Note: Apache Ozone can run on a single node inside Kubernetes and serve all functionality for development, testing, and small workloads. The hardware specifications in this guide reflect common configurations for production deployments. Your choice of hardware should depend on your desired scale, performance requirements, and workload characteristics.

Hardware Selection Principles

When planning an Ozone deployment, consider these key principles:

  1. Separate Metadata and Data Hardware: Metadata services (OM, SCM) have different requirements than data services (Datanodes).
  2. SSD/NVMe for Metadata: All metadata services require fast storage for RocksDB.
  3. Scale Metadata Vertically: Add more resources to existing metadata nodes rather than more nodes.
  4. Scale Datanodes Horizontally: Add more datanode machines as capacity and throughput needs grow.
  5. Plan for Failure: Size the cluster to handle expected failures of drives and nodes.

Metadata Node Hardware

Metadata nodes run the Ozone Manager (OM) and Storage Container Manager (SCM) services, which require careful hardware consideration for performance and reliability.

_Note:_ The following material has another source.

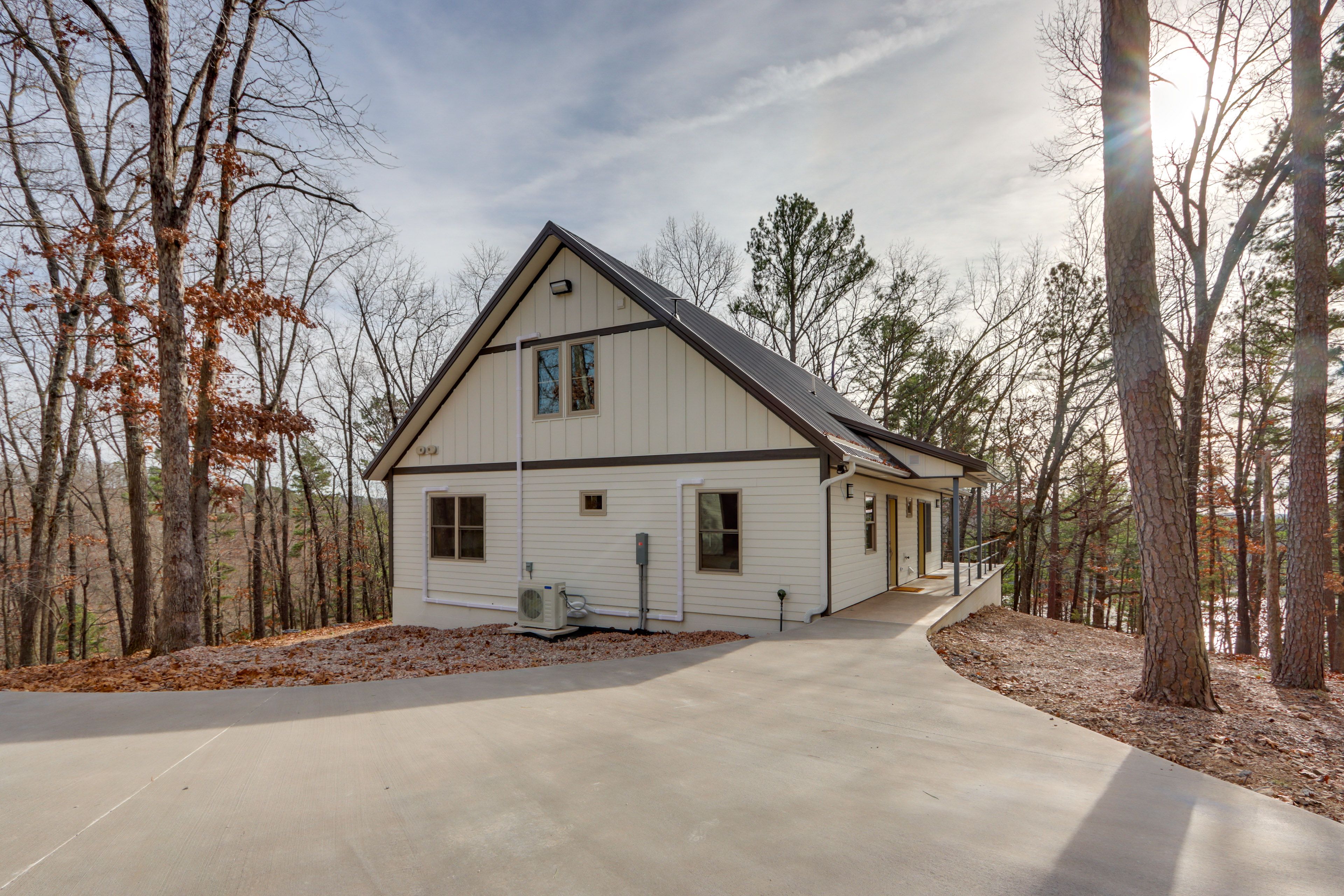 Parking | Driveway (4 Vehicles) | Trailer/Boat Parking Allowed On-Site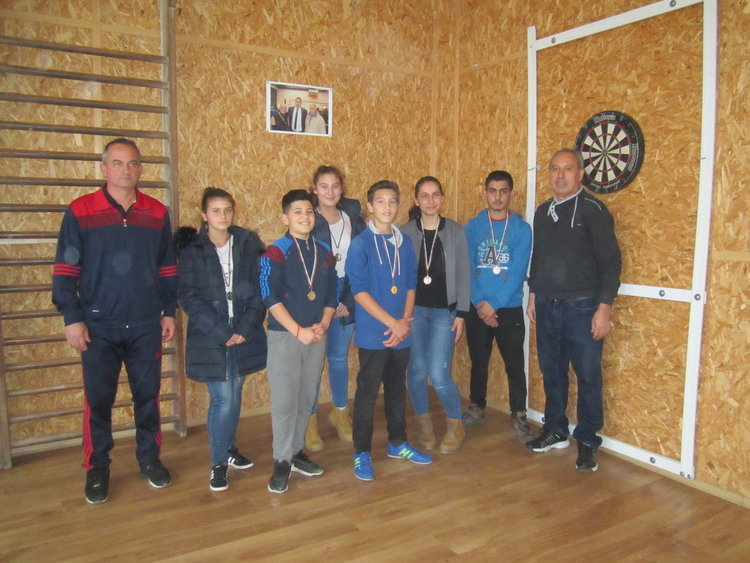 72 деца се състезаваха за наградата на традиционния Коледен турнир по дартс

Ozone Manager (OM) Node Requirements

ComponentMinimum (Dev/Test)Recommended (Production)Enterprise Scale
CPU8 cores16+ cores20-40 cores
Memory16GB32-64GB128-256GB
Java Heap8GB16-32GB48-96GB
Metadata Storage100GB SSD1-4TB NVMe4-8TB NVMe (RAID1)
Network1GbE10GbE25GbE+
Form FactorVM or physical1U server1-2U server

Key Considerations:

  • Use enterprise-grade NVMe drives with power loss protection for production
  • Configure RAID1 for metadata storage in enterprise deployments
  • Avoid JVM heap sizes between 32-47GB due to compressed OOPs optimization cutoff
  • For production workloads, consider dedicated systems for OM nodes

Storage Container Manager (SCM) Node Requirements

ComponentMinimum (Dev/Test)Recommended (Production)Enterprise Scale
CPU8 cores16+ cores20-40 cores
Memory16GB32-64GB128-256GB
Java Heap8GB16-32GB48-96GB
Metadata Storage100GB SSD1-4TB NVMe4-8TB NVMe (RAID1)
Network1GbE10GbE25GbE+
Form FactorVM or physical1U server1-2U server

Key Considerations:

  • SCM maintains container and pipeline state, requiring fast storage similar to OM
  • As the cluster grows, SCM's memory and CPU needs increase with the number of containers and datanodes
  • Container database state grows with the total number of containers in the system

Recon Node Requirements

For Recon, which provides analytics and monitoring capabilities:

ComponentMinimumRecommended
CPU4 cores8+ cores
Memory12GB16-32GB
Java Heap6GB8-16GB
Storage50GB SSD200GB+ SSD/NVMe
Network1GbE10GbE

Key Considerations:

  • Recon's resource needs grow with cluster size
  • For smaller clusters, Recon can be co-located with an OM or SCM node
  • For large clusters with extensive monitoring needs, use a dedicated node

Datanode Hardware

Datanodes store the actual data and can be scaled horizontally based on capacity and performance requirements.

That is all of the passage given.